Their inaction does not, however, diminish our
responsibility to use the best science to protect the most
scenic, the most diverse, the most special places. One such
place is the Rocky Mountain Front.
I have asked the Secretary of
Interior to withdraw the Rocky Mountain Front from hard rock
mining for two years while we evaluate the long-term future
of the area in an open and public process.
The Forest Service has a long
and storied history of working to protect the incredible
fish, wildlife, cultural, and scenic resources of this area.
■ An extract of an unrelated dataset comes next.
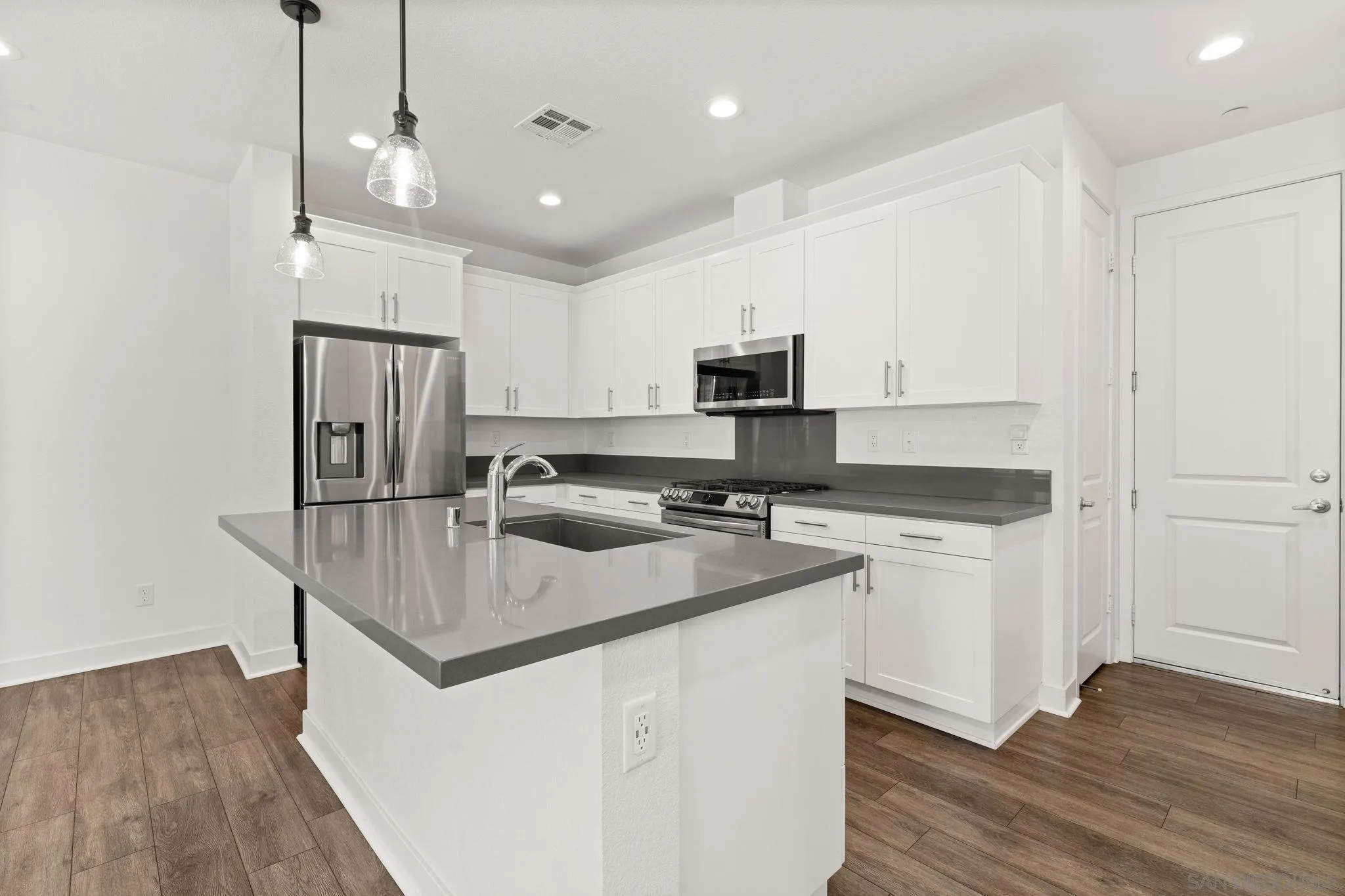 https://cdn.realtyfeed.com/cdn/127/260014471/aee44253a95dd164078c6f6365f722cc.webp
From Bob Marshall's efforts to protect the wilderness
memorialized by his name to Gloria Flora's decision last
year to prohibit oil and gas leasing in the area, I intend
to continue that tradition.
The Rocky Mountain Front, is
only one of the hundreds of thousands of great places under
our care and supervision. Within the next five years, over
65% of our forest plans, representing over 150 million acres
of land, are scheduled for revision. In keeping with Clean
Water Action Plan commitments, likely recommendations from
the Committee of Scientists, and consistent with our
mandates from the Organic Act through the Clean Water and
Safe Drinking Water acts, watershed health and restoration
will be the overriding priority in all future forest plan
revisions.
Forest Service managed lands
truly are the headwaters of America, supplying river
systems, and recharging aquifers. They contain riparian,
wetland, and coastal areas that are essential for the
nation's water supply and prosperity. Our forested
landscapes contain the coolest and cleanest water in the
nation. We must protect these precious resources. Future
forest plans will develop strategies and document how we
will:
- Maintain and restore
watershed function, including flow regimes, to provide
for a wide variety of benefits from fishing, to
groundwater recharge, to drinking water.
- Conduct assessments that
will characterize current condition and help make
informed decisions about management activities,
protection objectives, and restoration potential.
- Provide for the
protection, maintenance and recovery of native aquatic
and riparian dependent species and prevent the
introduction and spread of non-native species.
- Monitor to ensure we
accomplish our objectives in the most cost-effective
manner, adapt management to changing conditions, and
validate our assumptions over time.
- Include the best science
and research, local communities, partners, tribal
governments, states, and other interested citizens in
collaborative watershed restoration and management, and
- Provide opportunities to
link social and economic benefits to communities through
restoration strategies.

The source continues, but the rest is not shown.